Who is in charge – CIO or CISO
Not all organisations have a dedicated Chief Information Security Officer (CISO). First introduced in 1995, the Chief Information Security Officer (CISO) role was designed as a response to the ever-increasing need to maintain the security of information and operations contained within the internal technology infrastructures upon which corporations relied.
However, given that the Chief Information Officer is the custodian of an organisation’s information technology infrastructure, he or she has natural accountability for the security of the organisation as well.
So is cybersecurity a CIO or CISO role?
Ivancic believes it’s a joint responsibility: the CISO has domain expertise, but CIOs are driving digital transformation strategy.
Boey says the digital age calls for a redefinition of the CIO-CISO relationship – especially when tackling the responsibility of helming the cybersecurity charge. With more enterprises accelerating their digital transformation journeys, thereby interconnecting their business itself with the digital domain – safeguarding the business IT ecosystem becomes central to safeguarding their success.

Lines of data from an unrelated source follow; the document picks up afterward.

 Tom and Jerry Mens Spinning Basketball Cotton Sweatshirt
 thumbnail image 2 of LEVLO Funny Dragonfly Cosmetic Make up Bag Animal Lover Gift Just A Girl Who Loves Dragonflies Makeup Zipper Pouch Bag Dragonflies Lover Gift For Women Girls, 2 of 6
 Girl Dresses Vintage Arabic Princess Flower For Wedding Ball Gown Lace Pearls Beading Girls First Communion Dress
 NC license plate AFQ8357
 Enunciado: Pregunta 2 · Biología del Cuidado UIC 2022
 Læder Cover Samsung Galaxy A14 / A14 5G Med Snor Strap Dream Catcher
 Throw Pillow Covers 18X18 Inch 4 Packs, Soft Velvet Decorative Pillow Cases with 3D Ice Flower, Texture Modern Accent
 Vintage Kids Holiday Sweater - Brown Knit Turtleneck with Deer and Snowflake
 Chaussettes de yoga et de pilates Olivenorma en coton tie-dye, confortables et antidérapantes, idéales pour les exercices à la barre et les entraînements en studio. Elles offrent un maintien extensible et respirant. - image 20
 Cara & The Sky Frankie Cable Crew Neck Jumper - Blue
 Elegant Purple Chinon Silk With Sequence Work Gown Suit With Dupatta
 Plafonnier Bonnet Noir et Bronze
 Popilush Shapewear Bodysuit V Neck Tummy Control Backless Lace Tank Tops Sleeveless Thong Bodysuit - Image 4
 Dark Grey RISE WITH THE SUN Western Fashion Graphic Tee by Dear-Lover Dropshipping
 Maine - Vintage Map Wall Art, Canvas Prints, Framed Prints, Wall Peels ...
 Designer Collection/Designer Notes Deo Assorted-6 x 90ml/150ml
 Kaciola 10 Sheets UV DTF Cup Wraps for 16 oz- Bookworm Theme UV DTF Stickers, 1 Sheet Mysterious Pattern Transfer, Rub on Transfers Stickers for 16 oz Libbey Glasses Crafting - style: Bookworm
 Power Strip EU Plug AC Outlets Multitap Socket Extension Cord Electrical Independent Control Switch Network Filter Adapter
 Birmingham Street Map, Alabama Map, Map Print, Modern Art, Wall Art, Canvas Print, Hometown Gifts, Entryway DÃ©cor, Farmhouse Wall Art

“CIOs would then be prudent to work concertedly with CISOs to ensure efforts to digitally transform their business do not also compromise the overall cybersecurity of the firm. Enforcing an undergirding security framework can help CIOs and CISOs build on a strong basepoint as they scale digital efforts."
Chern-Yue Boey
Reynolds says organisations are learning to separate the “I” from the “T” and think of technology as distinct from the information to utilize data effectively. Ultimately, cybersecurity and data protection are required topics that are covered by the senior leadership and represented by competent and cogent expertise.
Gartner noted that since 2020, the drastic uptick in cybersecurity events has caused 88% of boards of directors to acknowledge that cybersecurity is a business risk and not just an IT problem, up from 58% just five years earlier.
“CIOs must rebalance accountability for cybersecurity so that it is shared with business and enterprise leaders,” says Paul Proctor, distinguished VP analyst at Gartner.
“They are thought of as the ultimate decision maker and authority for protecting the enterprise’s security, but really, business leaders make decisions every day that impact the organization’s security. They should share accountability.”
Paul Proctor
How to prioritise cybersecurity in 2023
“It is vital for CIOs to help their executive colleagues understand that the technical risks can be translated into business risks," suggested Ivancic. He further opined that the onus is on the CIO to help demystify cyber controls and help all stakeholders understand that baking security into a project is now just (to steal a term popular during Covid) “the new normal”.
Reynolds suggests that CIOs start driving the implementation of zero-trust architecture (ZTA). Given organisational reliance on cloud services and an increasingly distributed workforce, ZTA is critical to mitigating the frequency and severity of attacks.
“It is like how athletes do not expect to engage in a competition where the opponent never scores a point. Business leaders should not tolerate the delusional belief in cybersecurity and business protection where they will never be a target of cyberattacks."
Darrin Reynolds
For his part, Boey believes that CIOs must place identity security at the core of their overall cybersecurity strategy.
In 2023, staying ahead of the security curve will require businesses to steer away from manual processes and instead leverage AI and ML-based identity solutions. With AI and ML, enterprises can get intelligence and insights into access privileges, abnormal entitlements, and potential risks so they can easily control access throughout a user’s lifecycle, mitigate threats and empower their workforce.